The tracks on your demo look pretty reasonable to me, which suggests you're using the code correctly.

It looks like the objects are oriented differently between the demo video and the test-time video. This is a known weakness of TAPIR--there's relatively little in-plane rotation in Kubric, so the model doesn't have very good invariance to it. Also, are you re-using textures across different objects? This may cause problems as well (TAPIR may have spurious matches on the wrong object). In real videos, stochastic textures like wood grain are unlikely to repeat exactly. I expect BootsTAP will improve on both of these; we hope to release a causal BootsTAPIR model sometime in the next few weeks. However, it may not completely solve these problems.

Also, are you plotting occluded points in the test-time video? I'd like to see a version where you don't do this; TAPIR shouldn't be marking those points as visible since they're obviously wrong.
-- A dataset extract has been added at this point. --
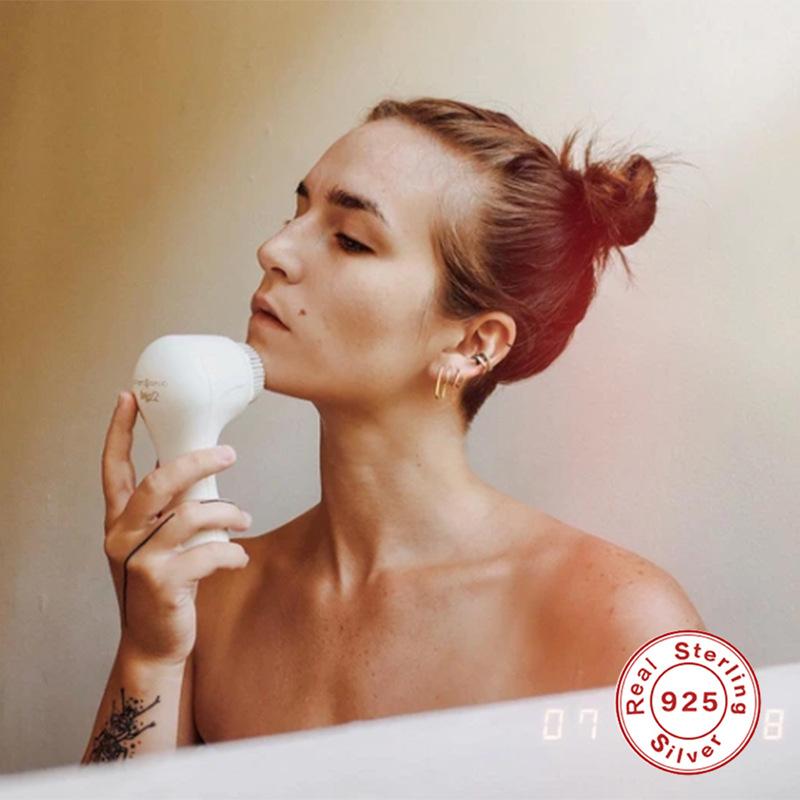 S925 Sterling Silver Torsion Bar Earrings Diamond Earrings Korean Niche Light Stud Earrings Premium Sense Ins Creative Earrings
Thanks for your reply. First, I re-use the wood texture. I would be grateful if a better model is open. Second, I paint all the points without considering the visibility. The video below only shows points that have a visibility over 0.5. The red points are online tracked points, and the blue points are demo points. I find only one seventh point can be seen.

https://github.com/google-deepmind/tapnet/assets/110964890/4b256770-5064-4588-b3fc-e1d8dd27969a

nutsintheshell commented 8 months ago

The tracks on your demo look pretty reasonable to me, which suggests you're using the code correctly.

It looks like the objects are oriented differently between the demo video and the test-time video. This is a known weakness of TAPIR--there's relatively little in-plane rotation in Kubric, so the model doesn't have very good invariance to it. Also, are you re-using textures across different objects? This may cause problems as well (TAPIR may have spurious matches on the wrong object). In real videos, stochastic textures like wood grain are unlikely to repeat exactly. I expect BootsTAP will improve on both of these; we hope to release a causal BootsTAPIR model sometime in the next few weeks. However, it may not completely solve these problems.

Also, are you plotting occluded points in the test-time video? I'd like to see a version where you don't do this; TAPIR shouldn't be marking those points as visible since they're obviously wrong.

What's more, I find tapir spends more than half an hour to inference a video having only 500 frames?(online version is much faster) I don't know the reason(maybe because I can't use parallel compilation, but I 'm not sure) . could you tell me how to solve the problem?Thanks

cdoersch commented 7 months ago

The original bug about "All hk.Modules must be initialized inside an hk.transform" in live_demo.py should be fixed with the latest push.

Unfortunately this push also includes the update that replaces the deprecated jax.tree_map with the very recently-introduced jax.tree.map, so the codebase now requires a very recent version of jax in order to run. It should be safe to do a find/replace with jax.tree_map to be compatible with older versions; we aren't using any other new jax features.